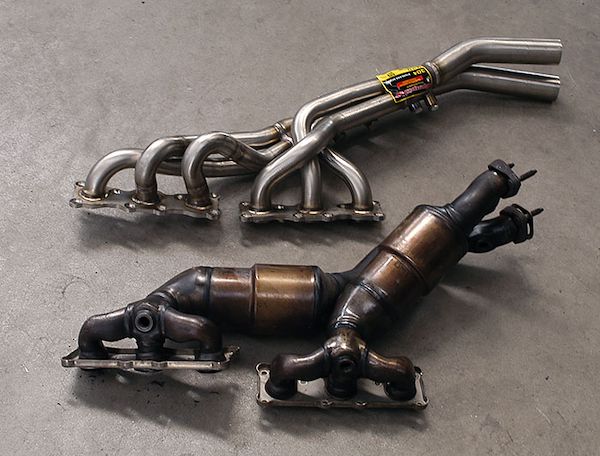 Prototype of 981301 Manifold VS Stock manifold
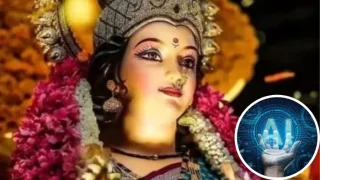 Navratri festival: यंदाच्या नवरात्रोत्सवाला आधुनिक तंत्रज्ञानाची जोड; अनेकांनी घेतली एआयची मदत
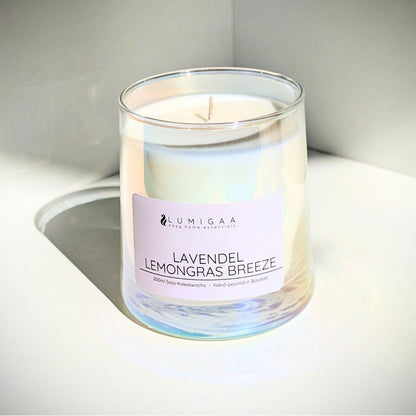 Kerze "AYVA" - Lavendel Lemongras Breeze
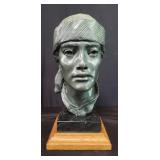 Glenna Goodacre signed bronze bust sculpture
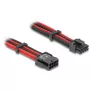 Sisemine toitekaabel DELOCK 80975 — 8-pin to PCI-E 6+2-pin, 0,3 m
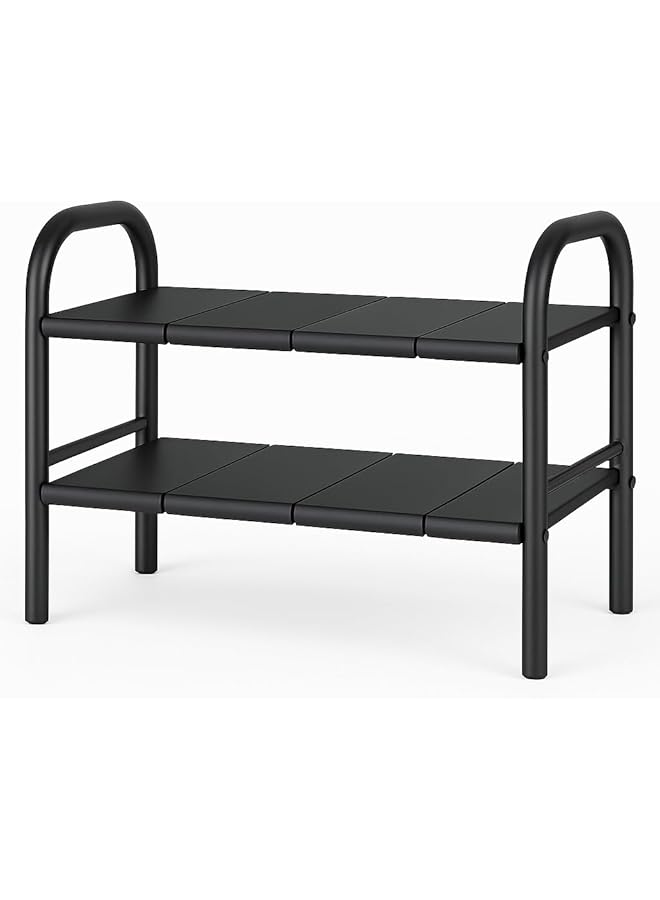 erorex Under Sink Organizer Expandable Shelf ‚Äì Large Capacity 2-Tier Cabinet Storage Rack with 8 Removable Panels, Adjustable Width for Kitchen, Bathroom, Pantry, Cupboard & Shoe Storage - Image 1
______
Work to be completed | In the copy, include every line of the records exactly and none of the images.

Written response |
 Prototype of 981301 Manifold VS Stock manifold
 Navratri festival: यंदाच्या नवरात्रोत्सवाला आधुनिक तंत्रज्ञानाची जोड; अनेकांनी घेतली एआयची मदत
 Kerze "AYVA" - Lavendel Lemongras Breeze
 Glenna Goodacre signed bronze bust sculpture
 Sisemine toitekaabel DELOCK 80975 — 8-pin to PCI-E 6+2-pin, 0,3 m
 erorex Under Sink Organizer Expandable Shelf ‚Äì Large Capacity 2-Tier Cabinet Storage Rack with 8 Removable Panels, Adjustable Width for Kitchen, Bathroom, Pantry, Cupboard & Shoe Storage - Image 1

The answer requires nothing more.